In fact, the weeds at the former Holmes Foundry site are so high this fall it’s difficult to see the two derelict buildings languishing on the Point Edward property.

Many have considered the site for big developments over the years, but walked away.

“The biggest issue for us is that we don’t know who has ownership,” says village Mayor Larry MacKenzie.

“There’s no question council wants to see it cleaned up and developed, but the legalities have been holding us back.”

Officially, a numbered Ontario company holds title to the property.

Chrysler shut down the foundry in 1989 and spent $7 million on an environmental cleanup. Local realtor John D’Andrea bought the land from Chrysler, but went to jail for defrauding a group of shareholders he had assembled.

Almost 10 years ago, the land was supposedly sold to the Chippewas of the Thames First Nation, the group the village contacts whenever anything comes up related to the property.

“I think it’s fair to say the Chippewas of the Thames believe they have ownership,” says Doug Lasenby, a realtor and developer hired several years ago to do something with the property.

Now, the First Nation band is taking Chrysler to court in an effort to secure cash for further site remediation, said Point Edward clerk Jim Burns.

“There’s some litigation going on with the Chippewas of the Thames suing Chrysler, saying it wasn’t adequately cleaned up,” Burns said. “That’s supposed to be in the courts in a few weeks, but Lord knows how long that could take.”

“That thing is like Swiss cheese, it’s been poked so many times,” said Lasenby. “Everyone knows what’s wrong with it but there’s a gag order and no one can say.

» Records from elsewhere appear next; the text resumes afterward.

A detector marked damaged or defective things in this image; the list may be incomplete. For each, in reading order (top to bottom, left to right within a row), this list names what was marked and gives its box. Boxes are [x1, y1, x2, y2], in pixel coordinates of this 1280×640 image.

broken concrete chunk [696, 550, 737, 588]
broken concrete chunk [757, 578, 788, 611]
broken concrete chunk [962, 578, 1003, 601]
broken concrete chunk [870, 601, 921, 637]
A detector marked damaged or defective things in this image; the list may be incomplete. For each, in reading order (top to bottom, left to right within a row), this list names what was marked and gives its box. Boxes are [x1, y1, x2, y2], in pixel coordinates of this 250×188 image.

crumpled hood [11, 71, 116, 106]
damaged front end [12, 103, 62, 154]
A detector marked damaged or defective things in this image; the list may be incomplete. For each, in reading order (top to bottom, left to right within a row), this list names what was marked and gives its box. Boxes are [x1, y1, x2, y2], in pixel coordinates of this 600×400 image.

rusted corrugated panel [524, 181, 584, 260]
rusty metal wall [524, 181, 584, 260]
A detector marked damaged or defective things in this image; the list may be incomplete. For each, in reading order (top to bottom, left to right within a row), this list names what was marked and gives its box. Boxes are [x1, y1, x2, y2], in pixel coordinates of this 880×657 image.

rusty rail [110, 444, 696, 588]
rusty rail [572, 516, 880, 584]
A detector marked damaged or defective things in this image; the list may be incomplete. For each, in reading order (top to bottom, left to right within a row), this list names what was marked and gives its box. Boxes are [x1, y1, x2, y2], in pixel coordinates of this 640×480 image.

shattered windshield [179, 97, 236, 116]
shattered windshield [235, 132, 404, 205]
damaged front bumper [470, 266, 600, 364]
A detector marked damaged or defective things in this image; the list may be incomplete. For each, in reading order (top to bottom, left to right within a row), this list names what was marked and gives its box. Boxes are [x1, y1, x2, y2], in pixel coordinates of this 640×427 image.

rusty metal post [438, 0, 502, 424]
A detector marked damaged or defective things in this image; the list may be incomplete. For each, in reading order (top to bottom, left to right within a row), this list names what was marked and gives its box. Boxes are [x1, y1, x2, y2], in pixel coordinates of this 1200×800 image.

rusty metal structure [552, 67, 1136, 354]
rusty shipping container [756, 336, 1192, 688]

It’s very frustrating.”

Lasenby confirmed a proposal to build a Costco on the property went to council several years ago but was shot down when an audience member identified himself as one of D’Andrea’s shareholders and drew the ownership into question.

“This is a classic case of the lawyers lawyering and ultimately no one coming to terms,” said Lasenby. “It’s at a complete standstill until the courts resolve these outstanding issues.”

Meanwhile, Mayor MacKenzie said he hopes council can push for a better cleanup after the Oct. 27 municipal election.

“Maybe with some new faces on council we’ll take another look at it,” he said.